Tin-based perovskite solar cells (TPSCs) as the most promising candidate for lead-free PSCs have incurred extensive researches all over the world. However, the crystallization process of tin-based perovskite is too fast during the solution-deposited process, resulting in abundant pinholes and poor homogeneity that cause serious charge recombination in perovskite layer. Here, we employed the π-conjugated Lewis base molecules with high electron density to systematically control the crystallization rate of FASnI3 perovskite by forming stable intermediate phase with the Sn-I frameworks, leading to a compact and uniform perovskite film with large increase in the carrier lifetime.
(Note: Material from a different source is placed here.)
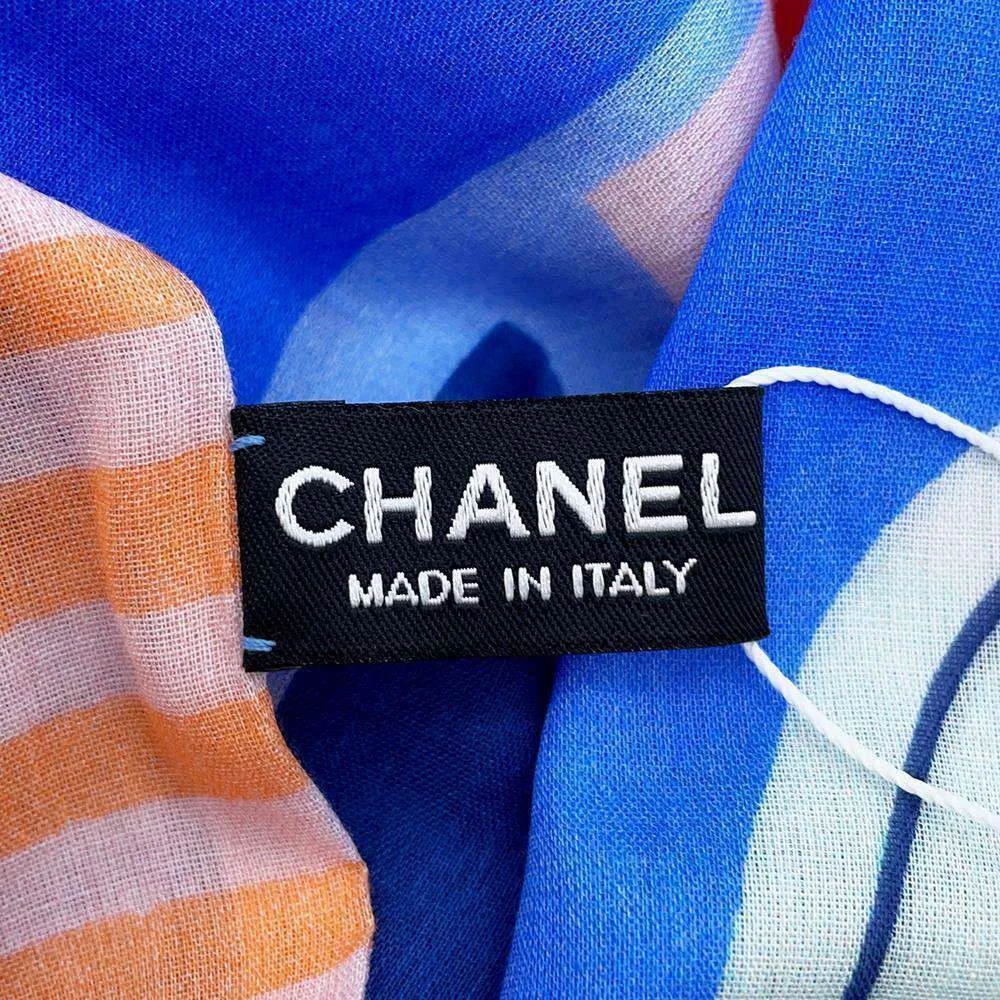 Chanel Cc Logo Scarf Multicolor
Meanwhile, the introduction of the π-conjugated systems also retards the permeation of moisture into perovskite crystal, which significantly suppresses the film degradation in air. These benefits contributed to a stabilizing power conversion efficiency (PCE) of 10.1% for the TPSCs and maintained over 90% of its initial PCE after 1000-h light soaking in air. Also, a steady-state efficiency of 9.2% was certified at the accredited test center.


Funded by

the National Natural Science Foundation of China(11574199,11674219,11834011)

and the Program for Professor of Special Appointment(Eastern,Scholar)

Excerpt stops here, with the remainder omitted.